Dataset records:
==================================================

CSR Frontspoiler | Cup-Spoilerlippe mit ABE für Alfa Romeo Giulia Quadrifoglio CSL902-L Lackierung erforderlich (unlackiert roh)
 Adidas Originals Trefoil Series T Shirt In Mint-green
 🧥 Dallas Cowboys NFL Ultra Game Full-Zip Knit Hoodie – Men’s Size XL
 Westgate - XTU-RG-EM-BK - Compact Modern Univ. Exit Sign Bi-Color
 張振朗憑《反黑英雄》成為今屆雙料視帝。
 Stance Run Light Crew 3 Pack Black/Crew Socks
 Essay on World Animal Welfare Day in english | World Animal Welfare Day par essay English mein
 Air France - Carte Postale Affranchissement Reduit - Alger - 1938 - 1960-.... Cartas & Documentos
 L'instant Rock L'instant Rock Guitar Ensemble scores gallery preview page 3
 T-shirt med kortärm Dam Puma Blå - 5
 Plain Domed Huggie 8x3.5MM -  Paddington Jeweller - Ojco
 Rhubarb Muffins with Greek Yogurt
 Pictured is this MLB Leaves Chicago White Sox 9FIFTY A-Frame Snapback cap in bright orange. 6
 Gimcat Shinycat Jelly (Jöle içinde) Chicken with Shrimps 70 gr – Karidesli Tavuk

==================================================

Problem:
Please return exactly the lines that run from the line with "Rhubarb Muffins with Greek Yogurt" through the end of the records above, both included, and nothing more.

Answer space:
 Rhubarb Muffins with Greek Yogurt
 Pictured is this MLB Leaves Chicago White Sox 9FIFTY A-Frame Snapback cap in bright orange. 6
 Gimcat Shinycat Jelly (Jöle içinde) Chicken with Shrimps 70 gr – Karidesli Tavuk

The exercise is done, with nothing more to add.